National Institutes of Health has begun implementing a series of clinical trials reforms

Over the last few years, the National Institutes of Health has begun implementing a series of clinical trials reforms designed to enhance the accountability and transparency of clinical research. These reforms affect grants and contracts involving clinical trials, and several changes took effect on January 25, 2018.

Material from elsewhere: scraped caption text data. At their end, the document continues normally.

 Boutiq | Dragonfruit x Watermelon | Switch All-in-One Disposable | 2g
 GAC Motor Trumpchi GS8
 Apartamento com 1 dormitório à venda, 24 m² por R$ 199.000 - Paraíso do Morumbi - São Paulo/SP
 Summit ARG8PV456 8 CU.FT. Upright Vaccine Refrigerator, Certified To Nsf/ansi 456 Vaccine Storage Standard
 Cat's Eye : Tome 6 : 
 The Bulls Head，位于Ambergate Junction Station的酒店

Below are several key NIH reforms of importance to the NHLBI research community: 

  • Clinical trial-specific funding opportunities: Applications and proposals involving clinical trials with due dates on or after January 25, 2018, must be submitted to a funding opportunity announcement (FOA) or request for proposal (RFP) that explicitly states it will accept clinical trials. After January 25, 2018, the NIH will only accept clinical trial applications when submitted to parent announcements or other FOAs that specify clinical trials.
  • New Human Subjects and Clinical Trial Information form: The NIH will require the use of a new application form that consolidates all information related to human subjects and clinical trials into one place, and also expands the information required for studies that meet the NIH definition of a clinical trial. This form will be included in the newFORMS-E Application Packages to be used for all due dates after January 25, 2018. 
  • Single IRB policy for multi-site research: For applications with due dates after January 25, 2018, and contract solicitations published after January 25, 2018, the NIH expects that all sites participating in multi-site studies that involve non-exempt human subjects research funded by the NIH will use a single Institutional Review Board (sIRB) to conduct the ethical review required for the protection of human subjects.  This requirement applies to all applicable human subjects studies, not just trials.
  • Registering and reporting for NIH-funded clinical trials: All NIH-funded clinical trials are expected to register and submit results information to ClinicalTrials.gov to help ensure that information about clinical trials and their results are made publicly available, in a timely manner.
  • Clinical Trials Protocol Template for Phase II and III Clinical Trials Conducted Under an IND or IDE: Investigators are encouraged to use a template and electronic protocol-writing tool, developed by the NIH and the Food and Drug Administration, to help evaluate the scientific basis of their assumptions, minimize uncertainty in the interpretation of outcomes, and prevent loss of data.
  • Good Clinical Practice Training: The NIH expects all NIH-funded clinical investigators and trial staff who are involved in the design, conduct, oversight, or management of clinical trials to be trained in Good Clinical Practice to help ensure the safety, integrity, and quality of clinical trials.